▸ GIVEN MATERIAL
━━━━━━
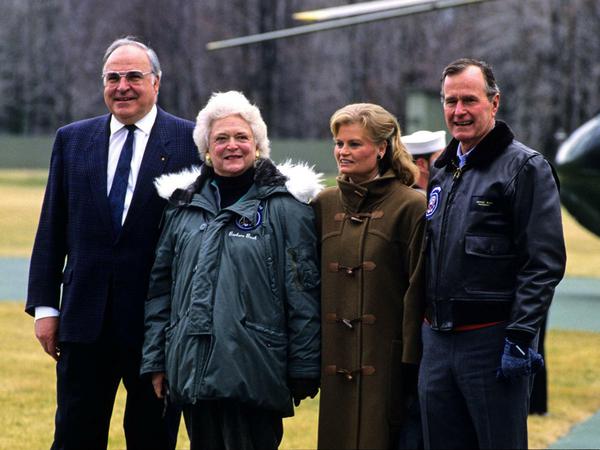 Geschichte wird gemacht: Helmut Kohl und seine Frau Hannelore (2.v.r.) werden von US-Präsident Bush und dessen Frau Barbara 1990 in Camp David empfangen.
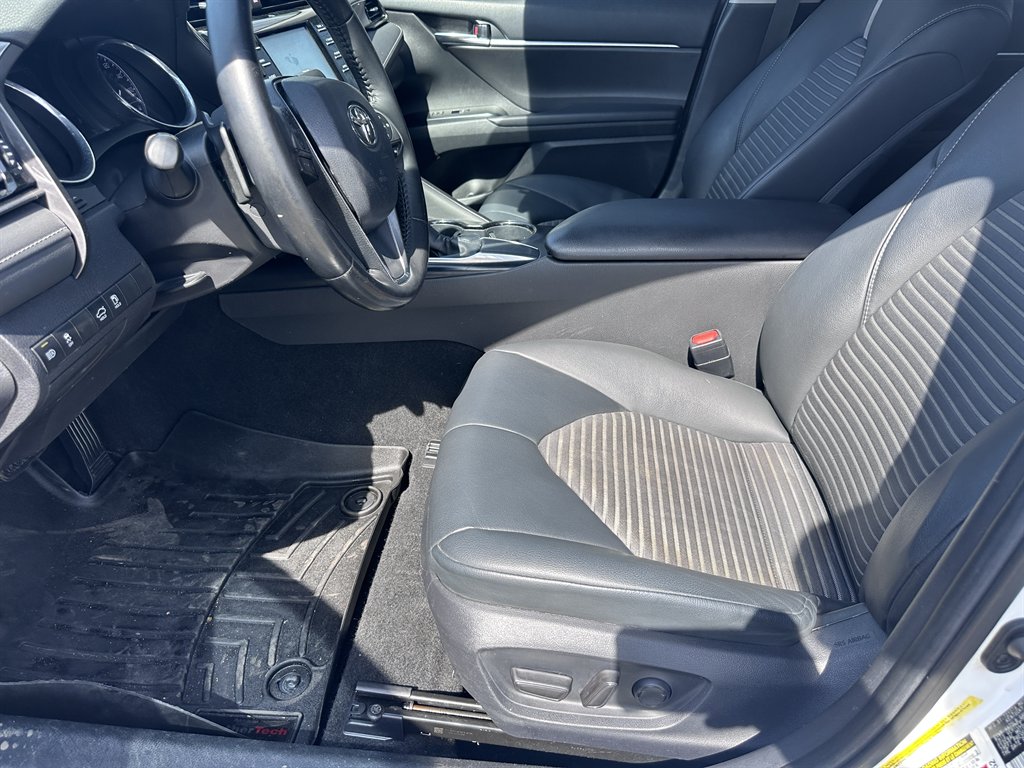 2019 Toyota Camry - $17,950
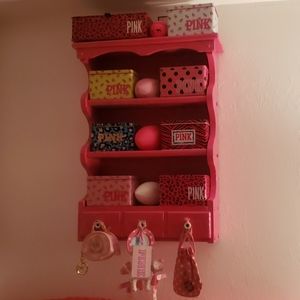 Finally completed my tin collection 😍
━━━━━━
▸ WHAT YOU SHOULD DO
The expected output is the exact run of lines from the one containing "2019 Toyota Camry - $17,950" through the final line of the data above, both ends included, with no pictures.

▸ FINISHED TASK
 2019 Toyota Camry - $17,950
 Finally completed my tin collection 😍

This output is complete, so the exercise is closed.